I used to be completely oblivious to the fact that horses don’t really enjoy my socially and culturally hardwired desire to hug and kiss them. Even to this day, I have to consciously control my urge to show my enthusiasm and affection to a horse by hugging and kissing them.
I was unaware of this until a rainy day about a decade ago when I was laying on my bed reading dog trainer Dr Patricia McConnell’s book "On the Other End of the Leash". It’s a book about how our human tendencies can get in the way of our relationships with dogs. McConnell points out that we are primates and dogs are canines, and our two species perceive the world and interactions very differently. We tend to anthropomorphise our interpretations of other animals, including dogs and horses. Anthropomorphism is the attribution of human traits, emotions, or intentions to animals. It means we struggle to recognise that other animals do not think, act, or perceive the world as we do. A display of affection for us, can be a threat of aggression to them :/
Anyway, I was reading the book and had come to a part where McConnell explained that hugging can be confronting and uncomfortable for many dogs. To some, it can even feel threatening. She also pointed out that patting a dog on the head isn’t particularly enjoyable for them either. At that point, I got up to get a drink. My dog Callaghan was curled up on the bed near me. I did what I always did when I saw him—because he melted my heart, being such a beautiful boy—I bent down, hugged, and kissed him. It was at that moment I saw it for the first time, and it was confronting. For the first time, I noticed him cringe. He tolerated it but looked away from me, started panting, and yawned. What I had read in that book hadn’t really sunk in before, but it did then, and from that moment on, I became aware of my human urges to kiss and hug animals and began being more respectful about it.
It’s one of those things that, once you see it, you can’t unsee it. So, I’ll say now that I apologise to everyone out there who will now see it and hate me for it. I’m sure I’ll get a number of comments from people telling me they have horses, dogs, or cats that love hugs and kisses. I’m not going to argue with you, and that’s terrific, but I found a lot of peace and honour in respecting other species’ preferences for showing my love and affection. I no longer just touch, hug, or kiss unconsciously. It also stopped that feeling of rejection when a horse or dog moved away or didn't like being touched. It is amazing how understanding can help the way you feel about something ❤
I guess if I can respect that certain cultures don’t hug or kiss either and might bow or shake hands instead, then I can work out what the animals in my life like.

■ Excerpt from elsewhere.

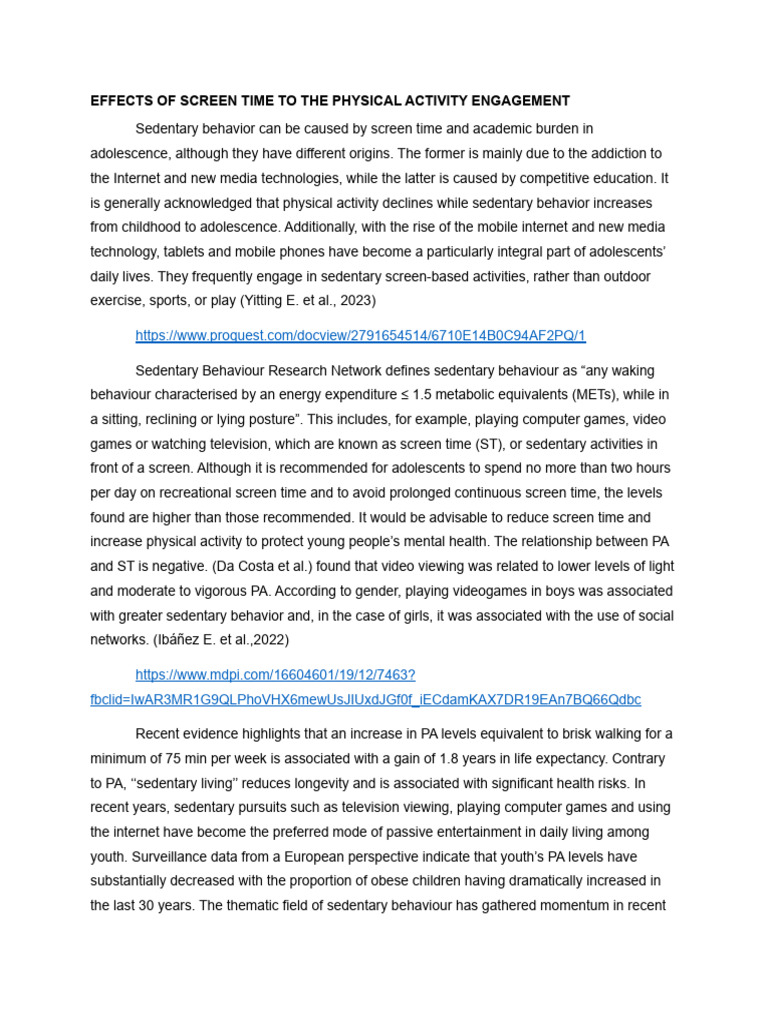 Screen Time's Impact on Youth Activity | PDF | Sedentary Lifestyle ...
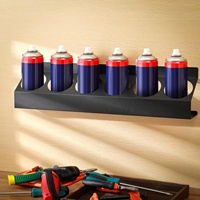 Support mural pour vaporisateur Porte-bouteille en métal aérosol Organisateur de peinture Porte-bombe pour garage Magasin Espace de travail Stockage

I’ve learnt to really appreciate a horse that allows me to stand close and remain calm and secure in my presence. I take my time finding places they may like to be scratched, but if touch really isn’t their thing, then I’m okay with that. The dog that appreciates sniffing my hand and letting me stroke them gently under the chin or ears—that was Callaghan’s favourite thing, and I was able to work that out once I stopped and paid attention. I loved seeing how much he adored that❤
When I talk about this while working with people and their horses, I’m sometimes misunderstood, as if I don’t like “loving on” a horse. Nothing could be further from the truth. That desire is strong, and I’ll admit that sometimes I still impose a hug on a horse😬, and I do love finding their favourite scratch spots. It’s just that I worked out that loving on a horse was more about me than them, and I’ve taught myself to find great meaning in just standing with them, moving with them, feeling them be okay in my presence, and following me where I guide them❤.